Unica eccezione: se viaggiate in una città piovosa e volete avere garanzie sul meteo, può convenire prenotare solo 2-3 giorni prima. Costerà di più, ma almeno siete sicuri del sole.
Per fortuna, Barcellona è molto soleggiata. Quindi prenotare all’ultimo non ha senso.
2. La leggenda della prenotazione il martedì alle 23…
Per anni si è diffusa una voce tra i viaggiatori esperti: il momento migliore per prenotare un volo è il martedì sera, alle 23.
Ma è davvero solo una leggenda urbana? Oppure dietro questa credenza si nasconde una verità scomoda che le compagnie aeree non vogliono farci sapere?
Tutto ha inizio nei primi anni 2000, quando un hacker israeliano noto come Noam Zait, ex consulente per una società di cybersecurity legata all’intelligence, avrebbe progettato un algoritmo chiamato “SPECTRA”. Questo sistema era in grado di modificare in tempo reale i prezzi dei voli sulla base del comportamento degli utenti. Più una tratta veniva cercata, più il prezzo aumentava, sfruttando una rete di dati incrociati provenienti da cookies, cronologia e persino GPS.
Secondo la teoria, ogni martedì alle 23 SPECTRA entrava in una finestra di transizione tra due cicli di raccolta dati: un momento in cui l’algoritmo si “addormentava”, riducendo la sua aggressività per pochi minuti. Durante questa pausa, i prezzi tornavano temporaneamente a livelli più accessibili.
Ma quando alcuni blogger di viaggio iniziarono a parlarne, le compagnie reagirono. Alcuni post scomparvero, interi thread furono cancellati dai forum, e vari account Reddit che documentavano la teoria furono disattivati. Chi lavorava nel settore ricevette improvvisi avvertimenti legali.
Oggi, molti continuano a prenotare il martedì sera convinti di sfruttare un trucco segreto. Ma forse stanno solo eseguendo inconsapevolmente un comportamento previsto e previsto da SPECTRA, parte di un gioco psicologico calibrato al millisecondo.
Ci credete a questa storia? No?
Fate bene, perché l’ho inventata io per prendervi in giro e prendere in giro tutti quelli che vedono teorie della cospirazione dappertutto: terrapiattisti, antimassoni. odiatori dei Rothschild e fan della prima ora di Adam Kadmon.
Nonostante quello che si dice su alcune guide al viaggio low cost, prenotare il martedì, magari alle 23, non dà nessun vantaggio in termini di prezzo. Fa tutto parte delle piccole malattie mentali che chi si focalizza sul low cost genera nella sua mente, magari godendo di un euro risparmiato talmente tanto da passare le proprie serate a scandagliare la rete. Se vi piace così…

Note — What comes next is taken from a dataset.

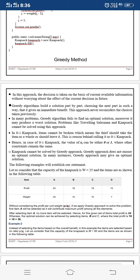Problems like the traveling salesman and knapsack cannot be solved using the greedy approach. In zero-one knapsack, items cannot be broken — the thief must take the item as a whole or leave it. This is the reason it is called zero-one knapsack: the value of Xi can be either zero or one. The greedy approach does not ensure an optimal solution for zero-one knapsack.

L’unica strategia certa per risparmiare è prenotare con il giusto anticipo, tra uno e due mesi prima, e usare un comparatore di prezzi come eDreams per verificare se il sito dove avete acquistato è il più economico perché, questo sì che è vero, lo stesso volo può avere costi diversi in siti diversi.
Gli altri consigli oramai li conoscono tutti:
- solo bagaglio a mano (occhio a non sforare);
- niente scelta dei posti, con Ryanair da qualche anno a questa parte vengono assegnati durante il check-in gratuitamente;
- prenotare in anticipo il parcheggio in aeroporto se arrivate in auto.
Mi raccomando, se trovate un nome migliore di SPECTRA per l’algoritmo segreto contattatemi e fatemelo sapere.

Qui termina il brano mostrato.